--- TASK DESCRIPTION ---
From the line that includes "Fotos del hotel" to the last line of the records, inclusive, repeat each line exactly.
═════ EXERCISE DATA
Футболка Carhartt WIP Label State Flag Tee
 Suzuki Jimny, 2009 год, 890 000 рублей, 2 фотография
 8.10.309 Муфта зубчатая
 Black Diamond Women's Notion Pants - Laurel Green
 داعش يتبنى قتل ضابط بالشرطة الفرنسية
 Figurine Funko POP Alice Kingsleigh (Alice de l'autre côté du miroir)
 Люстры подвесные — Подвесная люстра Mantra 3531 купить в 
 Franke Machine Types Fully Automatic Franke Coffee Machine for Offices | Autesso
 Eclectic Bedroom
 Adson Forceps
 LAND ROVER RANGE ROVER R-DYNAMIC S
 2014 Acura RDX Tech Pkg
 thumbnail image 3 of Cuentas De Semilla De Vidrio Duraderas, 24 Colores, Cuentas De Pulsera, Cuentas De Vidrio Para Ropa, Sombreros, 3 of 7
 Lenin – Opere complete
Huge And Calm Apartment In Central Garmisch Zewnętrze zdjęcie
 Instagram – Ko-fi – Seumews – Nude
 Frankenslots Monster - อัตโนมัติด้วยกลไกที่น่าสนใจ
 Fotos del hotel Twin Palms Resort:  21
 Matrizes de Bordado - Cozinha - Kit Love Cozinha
══════════
--- OUTPUT OF THE TASK ---
 Fotos del hotel Twin Palms Resort:  21
 Matrizes de Bordado - Cozinha - Kit Love Cozinha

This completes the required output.